Microstrip line separator/combiner 18 is had to by ridge 2, thereby connects two antenna array.Therefore must microstrip line separator/combiner 18 must through the place ridge is opened.Importantly, these openings 20 that are used for microstrip line must be enough little, thereby obtain desirable effect on the side lobe levels of azimuth.Owing to making reason, the whole height of ridge 2 need be opened.These openings 20 have significantly reduced the positive-effect of ridge.With crossing the top that is electrically connected ridge 2, similar when the azimuth side lobe performance will not have opening to chi chung.But be connected to the reflector ridge this connection electric current, or by the thin dielectric layer condenser type be connected to the reflector ridge.Fig. 2 shows the embodiment of this solution, and the metal dish 4 that wherein has the insulation binder is attached on the ridge 2.

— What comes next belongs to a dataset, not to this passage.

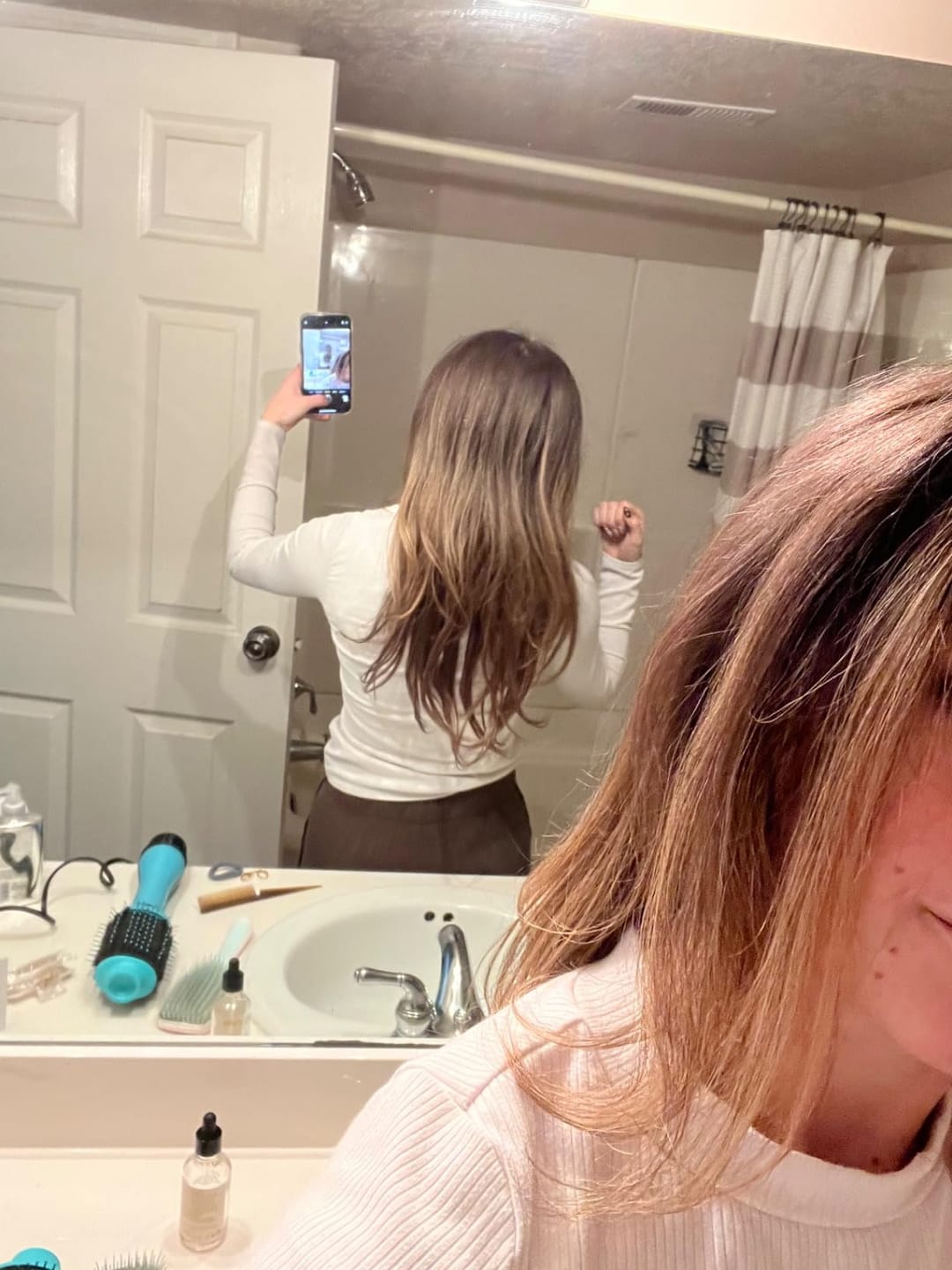 Customer photo review of [Pre Order] 6x6 Inches Virgin Human Hair Toppers Fishnet Base Balayage Brown #4/4/27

Among another embodiment in Fig. 6, comprise variable

differential phase shifter

21,22,23 in the two array antenna feed networks.Fig. 6 shows

differential phase shifter

21,22,23 and can how to be positioned in the feed network, to obtain different oblique elevation angle functions.In another application of applicant, the further details of these different differential phase shifters has been described, this application submit to simultaneously with the application and the inventor identical.

Claims

1. antenna configurations that is used for multi radiator base station antenna, this antenna has based on inflation coaxial line (15,19) feed network, wherein said coaxial line is the integration section of the rear side of antenna reflector (1), and wherein said coaxial line comprises outer conductor (9) and inner wire (7,14), it is characterized in that, two parallel radiators (11) row are placed on the front side of antenna reflector (1), from described feed network radiator (11) are presented.

2. the antenna configurations that is used for multi radiator base station antenna according to claim 1 is characterized in that, described radiator (11) is dual-polarized.

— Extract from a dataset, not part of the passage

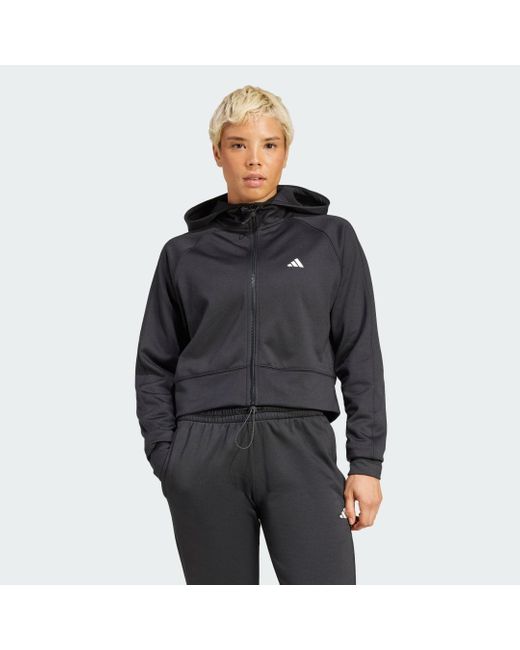 Giacca Aeroready Game And Go Full-Zip Hooded Fleece di Adidas in Black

3. the antenna configurations that is used for multi radiator base station antenna according to claim 1 and 2 is characterized in that, the outer conductor of coaxial line (9) has vertical slit.

4. the antenna configurations that is used for multi radiator base station antenna according to claim 3 is characterized in that, the feed network that is used for radiator (11) comprises the microstrip line (18) that is positioned on reflector (1) front side.

5. the antenna configurations that is used for multi radiator base station antenna according to claim 4 is characterized in that, described microstrip line (18) is as separator/combiner.

6. according to claim 4 or the 5 described antenna configurations that are used for multi radiator base station antenna, it is characterized in that, in coaxial outer conductor structure (9), form hole (10).

7. according to each the described antenna configurations that is used for multi radiator base station antenna among the claim 1-6, it is characterized in that antenna reflector (1) has the longitudinal ridge (2) between two radiation row.

8. the antenna configurations that is used for multi radiator base station antenna according to claim 7 is characterized in that, opening (20) is set on radiator ridge (2), is connected to this radiator ridge (2) of conductive pads (4) cross-over connection of this ridge (2) electric current.

9. the antenna configurations that is used for multi radiator base station antenna according to claim 7 is characterized in that, opening (20) is set on radiator ridge (2), is connected to this radiator ridge (2) of conductive pads (4) cross-over connection of this ridge (2) electric capacity.

10. according to the described antenna configurations that is used for multi radiator base station antenna of aforementioned any claim, it is characterized in that, adjustable phase shifter (21) that at least one adopts dielectric components is set, and wherein this dielectric components can vertically move with respect at least one coaxial line (15) in antenna.